Short web captions
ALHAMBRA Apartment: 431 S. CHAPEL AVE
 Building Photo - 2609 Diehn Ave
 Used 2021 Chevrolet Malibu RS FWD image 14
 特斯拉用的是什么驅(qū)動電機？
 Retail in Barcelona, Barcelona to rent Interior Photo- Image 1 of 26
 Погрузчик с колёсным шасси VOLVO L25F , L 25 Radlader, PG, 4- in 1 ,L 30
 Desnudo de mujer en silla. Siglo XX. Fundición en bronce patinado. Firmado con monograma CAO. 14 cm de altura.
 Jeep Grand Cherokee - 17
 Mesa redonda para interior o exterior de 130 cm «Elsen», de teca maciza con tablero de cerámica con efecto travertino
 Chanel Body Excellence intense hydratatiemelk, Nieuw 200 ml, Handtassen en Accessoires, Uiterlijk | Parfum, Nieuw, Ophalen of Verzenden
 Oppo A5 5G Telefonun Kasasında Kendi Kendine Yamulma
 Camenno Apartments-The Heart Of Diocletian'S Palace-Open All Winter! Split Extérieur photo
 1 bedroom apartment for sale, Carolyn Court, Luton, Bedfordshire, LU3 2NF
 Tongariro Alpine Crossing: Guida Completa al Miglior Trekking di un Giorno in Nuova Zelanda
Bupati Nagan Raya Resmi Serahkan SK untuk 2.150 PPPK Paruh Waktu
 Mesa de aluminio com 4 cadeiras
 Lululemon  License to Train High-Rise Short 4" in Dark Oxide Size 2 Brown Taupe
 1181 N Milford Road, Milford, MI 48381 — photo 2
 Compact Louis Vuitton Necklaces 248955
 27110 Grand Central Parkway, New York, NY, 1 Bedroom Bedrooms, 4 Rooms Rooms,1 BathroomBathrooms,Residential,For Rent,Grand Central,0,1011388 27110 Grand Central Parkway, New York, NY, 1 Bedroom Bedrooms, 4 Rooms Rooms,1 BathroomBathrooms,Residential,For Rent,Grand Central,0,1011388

#### Your task:
Count how many lines in the data above include the string "Grand", and write only that number.

#### Answer to this problem:
2